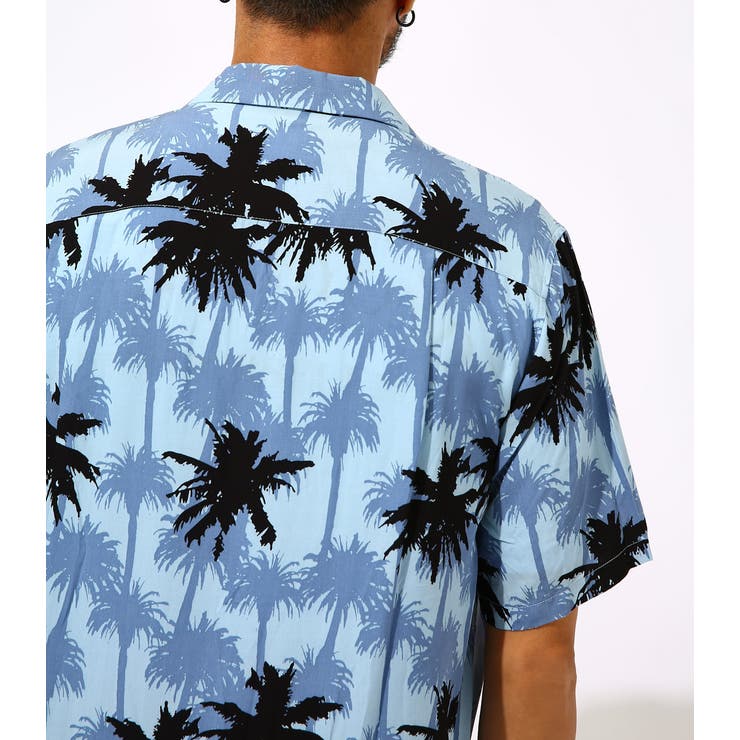AZUL パームツリー 夕焼け 半袖シャツ AZUL パームツリー 夕焼け 半袖シャツ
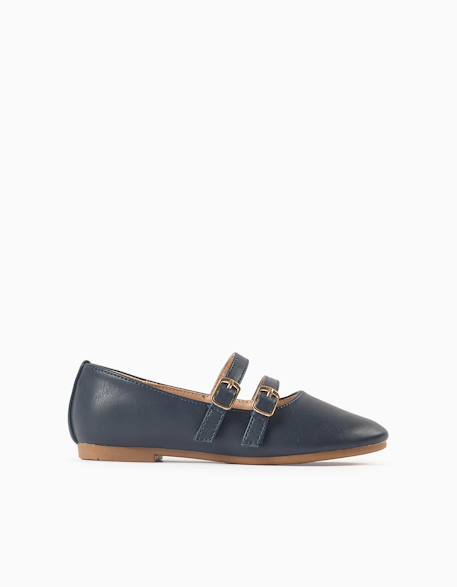 Ballerines à brides avec boucle décorative Bleu foncé 1 - vertbaudet enfant 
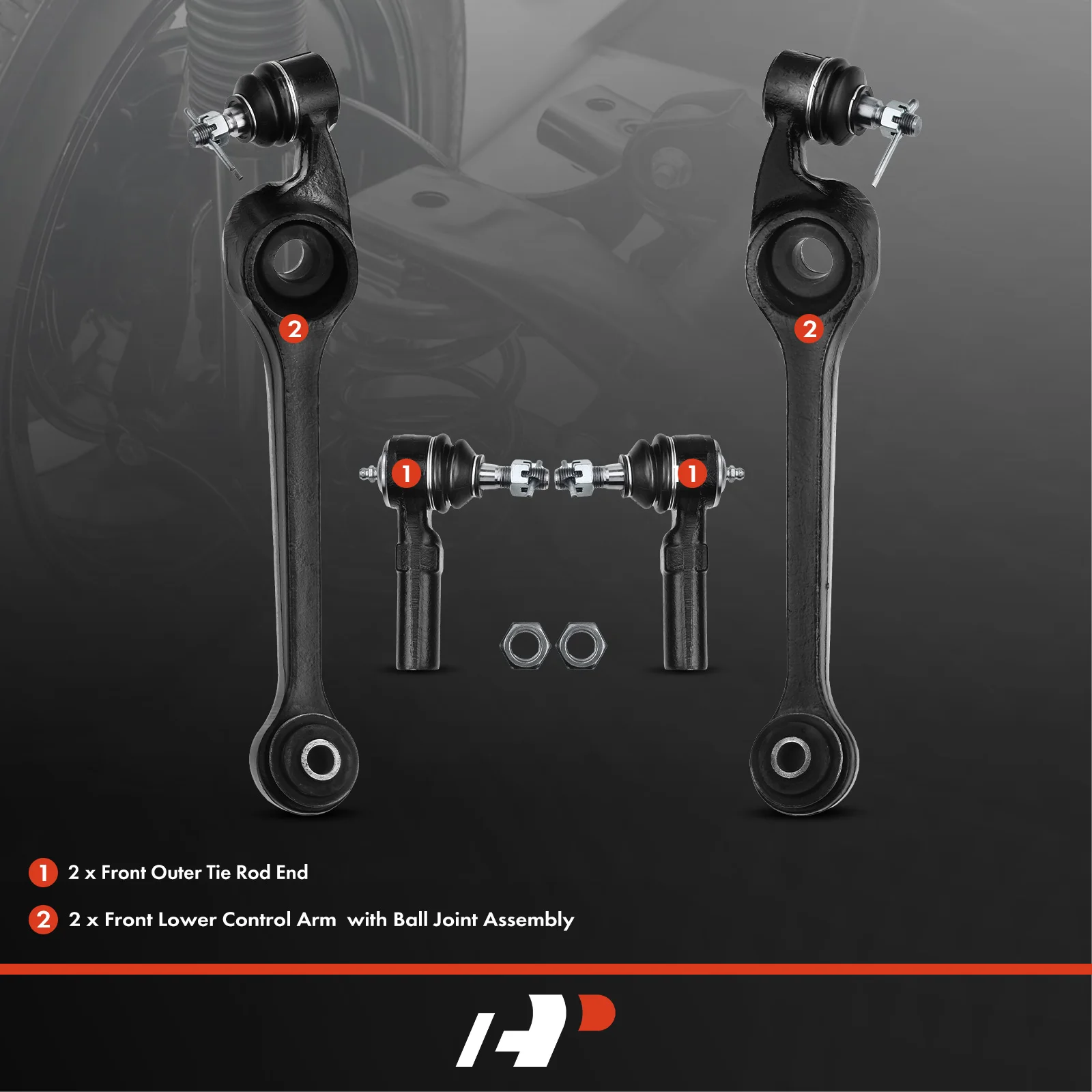 A-Premium 4x Front Control Arm with Ball Joint Tie Rod End for Saturn SC 1991-1992 SL SL1 SL2 1991-2002 SC1 SC2 1993-2002 SW1
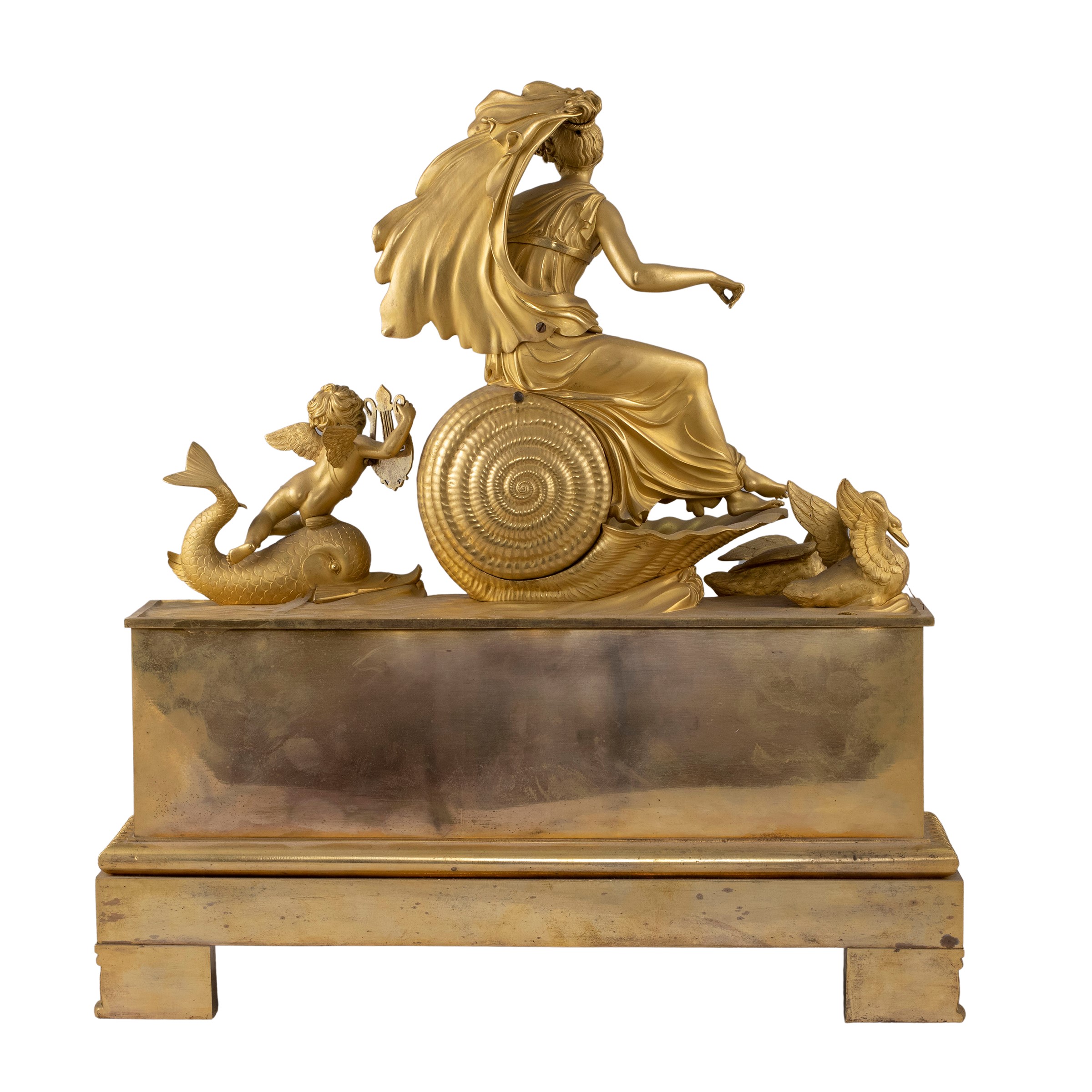 Orologio a Pendolo da Tavolo in Bronzo Dorato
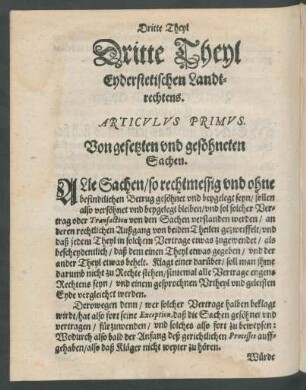 Dritte Theyl Eyderstetischen Landtrechtens.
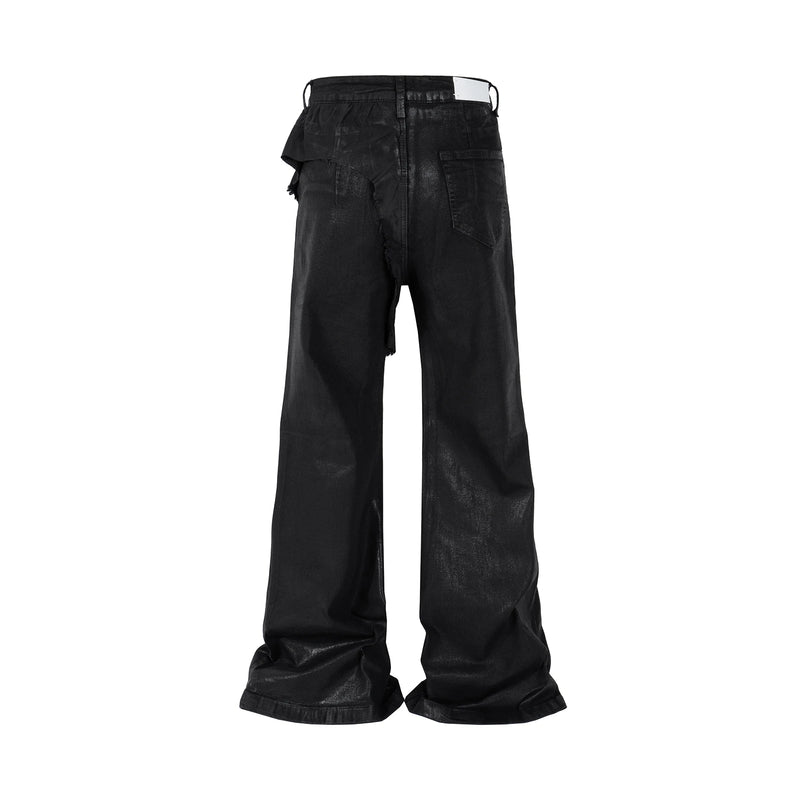 y2k streetwear wax leather strecth jeans for men and women ropa hombre baggy flare pants oversized straight denim trousers unique jeans style 4261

Action item |
Output the data above exactly, beginning at its first line and ending with the line that holds "Dritte Theyl Eyderstetischen Landtrechtens.". Leave out the pictures and add nothing.

Output for this task |
AZUL パームツリー 夕焼け 半袖シャツ AZUL パームツリー 夕焼け 半袖シャツ
 Ballerines à brides avec boucle décorative Bleu foncé 1 - vertbaudet enfant 
 A-Premium 4x Front Control Arm with Ball Joint Tie Rod End for Saturn SC 1991-1992 SL SL1 SL2 1991-2002 SC1 SC2 1993-2002 SW1
 Orologio a Pendolo da Tavolo in Bronzo Dorato
 Dritte Theyl Eyderstetischen Landtrechtens.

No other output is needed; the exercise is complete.